New Lectern at W&L Commencement Has Historic Significance
Few people attending Washington and Lee University’s 2015 commencement probably noticed the new lectern at the center of the podium or understood its historic significance.
The lectern is made from wood from the old “commencement tree” that graced W&L’s front campus since it was planted around 1866 and cut down in 1998. An ash tree with a canopy of between 40 and 50 feet, it used to be in full leaf during the many ceremonies for which it provided much needed shade to graduating seniors and their families.
The tree received its name because it was a pivotal point of the graduation stage when commencement was held on the lawn between the President’s House and R. E. Lee Episcopal Church. “The tree was the corner that anchored the stage, and it was the point from which we placed alignment markers in the ground and strung lines to get the stage square to the seating,” said Scott Beebe, projects engineer in facilities management.
Beebe was director of facilities at W&L when he made the decision to cut the tree down.

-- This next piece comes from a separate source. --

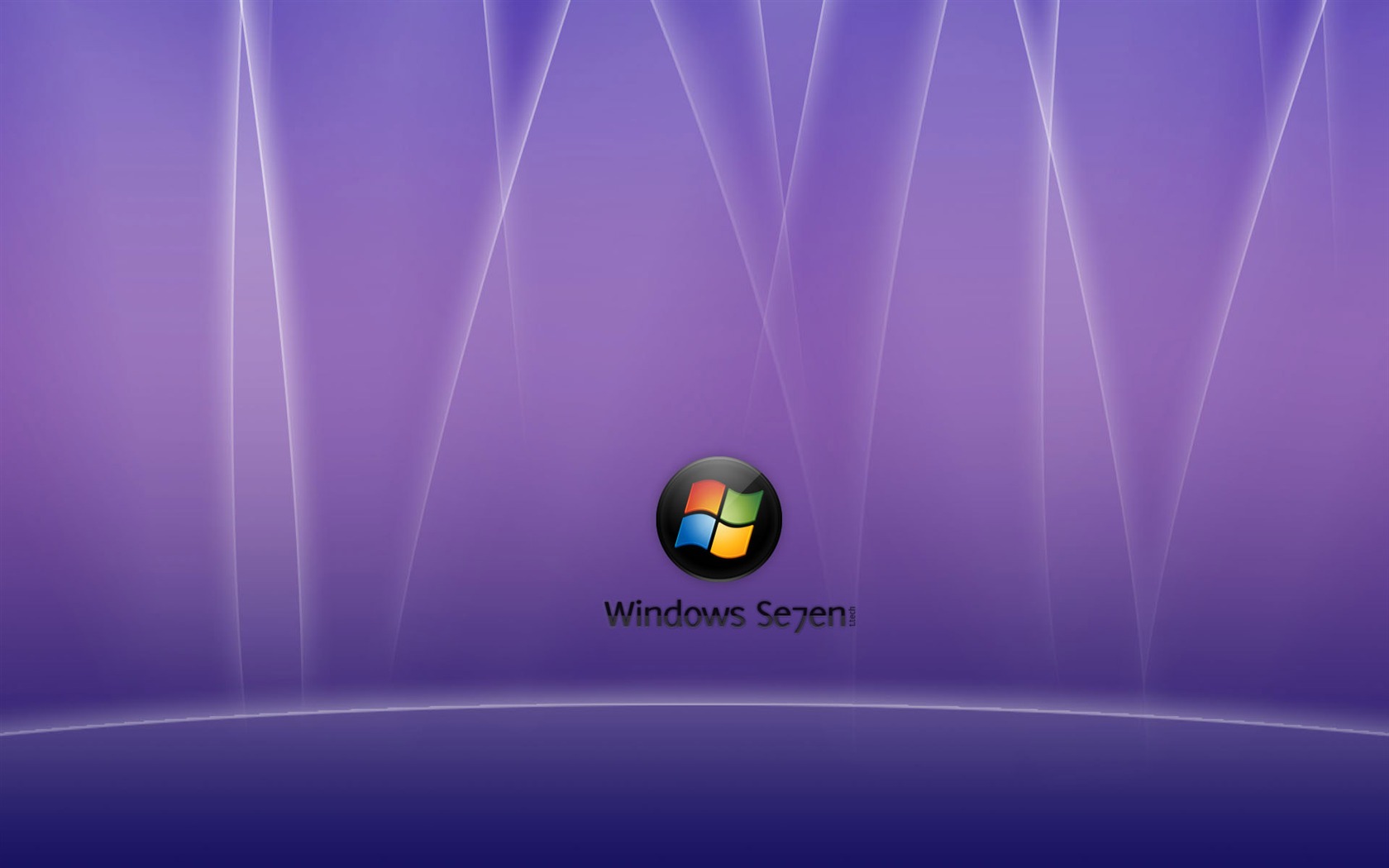 Windows7 Fond d'écran #33 - 1680x1050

A survey of all the trees on the front campus had identified the commencement tree as a liability since it was hollow. Realizing the historical significance, Beebe decided to mill a stack of boards for possible later use.

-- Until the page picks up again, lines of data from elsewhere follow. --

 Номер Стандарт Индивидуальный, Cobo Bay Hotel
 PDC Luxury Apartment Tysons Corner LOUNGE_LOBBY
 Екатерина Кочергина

Decades later, the University’s existing lectern, made of dark brown plywood and used for all campus ceremonies, needed to be replaced. Randolph Hare, director of maintenance and operations in facilities management, remembered the planks from the commencement tree that had been drying in W&L’s barn for years and suggested that they be used to create a new lectern.
John Hoogakker, executive director of university facilities, took on the task of designing the new lectern, although he said it was hard to reach the planks and to mill wood of sufficient quality for a lectern.

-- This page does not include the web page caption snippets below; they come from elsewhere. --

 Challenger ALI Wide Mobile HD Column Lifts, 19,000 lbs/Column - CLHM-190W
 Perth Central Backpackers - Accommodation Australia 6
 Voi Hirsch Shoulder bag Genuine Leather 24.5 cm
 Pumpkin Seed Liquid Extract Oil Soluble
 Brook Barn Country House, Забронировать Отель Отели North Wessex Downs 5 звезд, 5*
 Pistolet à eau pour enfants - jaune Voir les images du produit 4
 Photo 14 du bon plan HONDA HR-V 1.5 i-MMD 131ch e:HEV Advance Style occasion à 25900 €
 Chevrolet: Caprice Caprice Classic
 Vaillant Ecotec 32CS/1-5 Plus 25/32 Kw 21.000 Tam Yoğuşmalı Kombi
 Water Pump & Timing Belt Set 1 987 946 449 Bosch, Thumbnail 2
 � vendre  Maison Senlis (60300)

Hoogakker, who has a significant background in architecture, researched the classical references around campus and studied detail and proportion in historic texts on classical architecture. As a result, the new lectern he designed has four columns that are very similar to the columns on Washington Hall.
One challenge that Hoogakker found was that he had never worked with wood from an ash tree before. “There was some quirkiness about the grain of the wood that surprised me, but it was a pleasant experience to learn to deal with this species of wood. I discovered things as I went along. For example, I had a very different finish in mind—something more like cherry or mahogany—but ash wood has a more rustic quality to it, and the dark part of the grain reached through the finish as a texture in a much different way than more traditional furniture woods. I think it gives the piece a character that I find pleasant and surprising.”
Patrick Harris, systems programmer and administrator in information technology services (ITS), built the lectern to Hoogakker’s design, and John Watkins, director of client services in ITS, created the four columns. Watkins’ greatest challenge was creating four identical columns by hand, instead of using a machine. “I think that, for the discerning eye, the design of the new lectern is really sophisticated, with the specifications for the different spaces and how the columns sit on the base,” observed Harris.
“Using the commencement tree gave the whole project a lot of meaning that it wouldn’t have had otherwise,” said Hoogakker.